Need to Reward Facilitation

I could understand the lack of specific performance evaluation guidelines for working on conflict-laden issues if Extension were new to this kind of education. Actually, Extension agents have long been involved in conflict-laden community problem-solving. In the early part of this century, after Seaman Knapp created the Extension education method (North Carolina Agricultural Extension Service, 1988), agents were not telling farmers in their communities how to get better results. Farmers, like the rest of us, do not like to be told. Rather, successful agents took a problem-solving approach, worked with farmers to set up demonstrations and facilitated processes that pulled community bankers, politicians, and other interest groups together to work things out. Agents did not worry about whether to call that process teaching or learning. They just did it.

If we limit ourselves to being purveyors of "researched" information, what then distinguishes Extension from community colleges, libraries, and the electronic media? We cannot allow ourselves to be forced out of our educational niche by classroom bound campus educators who do not understand community problem-solving education.

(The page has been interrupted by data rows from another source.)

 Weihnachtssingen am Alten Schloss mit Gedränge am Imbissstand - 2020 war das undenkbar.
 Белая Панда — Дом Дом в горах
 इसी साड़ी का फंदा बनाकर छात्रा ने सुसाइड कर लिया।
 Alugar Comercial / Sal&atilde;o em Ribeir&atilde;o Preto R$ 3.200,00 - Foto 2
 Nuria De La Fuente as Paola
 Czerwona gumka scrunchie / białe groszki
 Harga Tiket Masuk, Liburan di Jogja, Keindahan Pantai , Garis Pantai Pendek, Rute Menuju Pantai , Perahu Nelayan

Why do we continue to insist on smashing the round peg of Extension's educational method into the square peg of the university classroom teaching model? Perhaps it is because the university's performance evaluation guidelines do not address the right paradigm or that the professors and administrators who judge promotion dossiers do not understand when facilitation is education. Extension education must attend to the learning rather than the teaching paradigm and we must make sure that evaluators understand the difference between chairing a meeting and facilitating a community educational process involving conflict -laden issues. Better yet, land grant universities should establish clear guidelines that encourage and reward more than the research and teaching paradigm. The guidelines should not be established just for Extension faculty. When all faculty experience the value of helping groups with conflicting interests come together for mutual learning and problem solving then all will appreciate and honor the learner-centered paradigm inherent in Extension's work.

References

North Carolina Agricultural Extension Service (1988). Working with our publics, module 1: Understanding cooperative extension. Raleigh: North Carolina State University, North Carolina Agricultural Extension Service.

Schmuck, R. A., & Runkel, P. J. (1985). The handbook of organization development in schools. Palo Alto, CA: Mayfield.

Weisbord, M. R. (1992). Discovering common ground. San Francisco: Barrett-Koehler.